Monday, Nov. 14, 1960

Family Feeling

Bearing none of the scandalous overtones it would have in the New World, the practice of nepotism in political life is an ancient and honorable part of England's history. Lord Grey, as Prime Minister in the 1830's, arranged lucrative or influential public offices for no fewer than 17 of his relations. The Cecils have done even better, with a tradition of influential official connections unbroken since the reign of Elizabeth I. Nineteen relatives of the present leading Cecil, the Marquess of Salisbury, sit in Parliament today; eight of them were members of Anthony Eden's government in 1956. One of the solid convictions of these people is that their own kin and kind are simply the best people for the job.

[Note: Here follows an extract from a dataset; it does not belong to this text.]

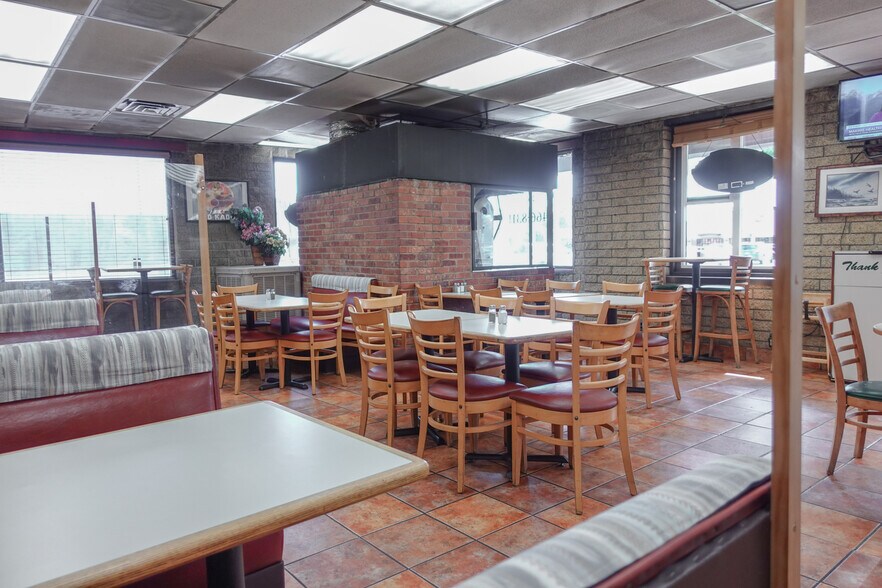 More Photos Of 111 E 2700 S, Salt Lake City General Retail For Sale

Prime Minister Harold Macmillan married into a family that stoutly upheld the tradition. Among the relatives of Lady Dorothy (daughter of the ninth Duke of Devonshire) still prominently around: Sir Reginald Manningham-Buller (known to fellow M.P.s as "Sir Reginald Bullying- Manner"), Attorney General; Lord Balniel, former Parliamentary Private Secretary to the Treasury and Ministry of Public Housing; Robert Boothby, the able and voluble Scottish M.P. who was elevated to the peerage. Then there is David Ormsby-Gore, brother-in-law of the Prime Minister's son, Maurice; he is Minister of State for Foreign Affairs.

Adding to his government last week, Harold Macmillan saw no reason to deviate from custom. Into office as Secretary of State for Air went Julian Amery, Macmillan's son-in-law; the eleventh Duke of Devonshire, his wife's nephew, became Parliamentary Undersecretary for Commonwealth Relations. For the honorific task of moving the reply to the Queen's speech from the throne, Macmillan chose his son Maurice from the rank of Tory backbenchers.

"Clearly, he must have a dearth of other material on his benches," commented an opposition M.P. acidly. Retorted a Tory: "It is a man of courage who is not afraid to allocate the posts in his ministry regardless of family relationships."